While primary care providers and HIV-providers have been engaged in these conversations, perspectives of mental health professionals in community mental health settings are absent from the discussion of prescribing PrEP in the literature. HIV prevention is important to the field of psychiatry considering the high burden of HIV among populations with serious mental illness treated in community mental health settings.  

Successful initiation of PrEP requires that providers counsel patients about HIV risk behaviors and on an individual's ability to take the medication as prescribed. Although data do not currently exist about PrEP adherence among people with serious mental illness, research has shown that individuals with HIV who were in psychiatric care had better adherence to antiretroviral therapy compared with individuals with HIV who were not in psychiatric care. 

Community mental health providers already deliver holistic care that takes into account patients' sexual behaviors and drug use so these settings are therefore ideal to identify PrEP candidates. Providers in these settings take detailed psychosocial histories and are well versed in providing care for substance use disorders, including leveraging harm reduction strategies. In addition, multiple opportunities exist for intervention, given that people with serious mental illness typically access community mental health settings more often than they access primary care settings

The researchers detailed potential barriers including the potential for mental health providers’ attitudes toward PrEP which may share concerns that have been expressed by other providers regarding adherence and risk compensation, as well as the potential that psychiatrists may feel they need more training to prescribe non-psychotropic agents.  With other providers, in response to these concerns, public health detailing—a process by which academic researchers and public health professionals educate providers about PrEP and provide helpful, evidence-based tools to encourage prescribing—has become an important method of improving knowledge of PrEP among providers.
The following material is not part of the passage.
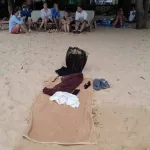 Пропавший в море россиянин на Пхукете: что случилось?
Much like the need for studies evaluating PrEP attitudes and knowledge among mental health providers, research assessing similar constructs among people with serious mental illness is needed. As people with serious mental illness are the key stakeholders in this discussion, their awareness of and interest in PrEP use should be taken into consideration, along with their preferences for PrEP delivery models.

A major structural barrier is whether HIV counselling and preventive services can be reimbursed in specialty mental health settings. If they cannot be reimbursed, these fees might be shifted onto patients with serious mental illness. Additionally, in the USA, the cost of PrEP is variable and can be prohibitive for patients without insurance coverage and who are unaware of industry and federal assistance.

As different models are created to encourage PrEP use in community mental health clinics, high-quality implementation research studies should be done to assess efficacy and effectiveness, and help to clarify the best ways forward. It is important to remember that HIV care and treatment advocacy has led the way in promoting health care as a form of social justice, one in which no individual is neglected.

Christina Mangurian, MD

Dr. Mangurian is affiliated faculty at the Philip R. Lee Institute for Health Policy Studies, a Professor of Clinical Psychiatry at UCSF School of Medicine and the UCSF Department of Psychiatry's Vice Chair for Diversity and Health Equity. Dr. Mangurian founded and directs the UCSF Program of Research on Mental health Integration among Underserved and Minority populations (PReMIUM) which is based at the Center for Vulnerable Populations. She is a community psychiatrist whose NIH-funded research program focuses on improving diabetes screening and HIV care of people with severe mental illness (e.g., schizophrenia, bipolar disorder), particularly among underserved minority populations.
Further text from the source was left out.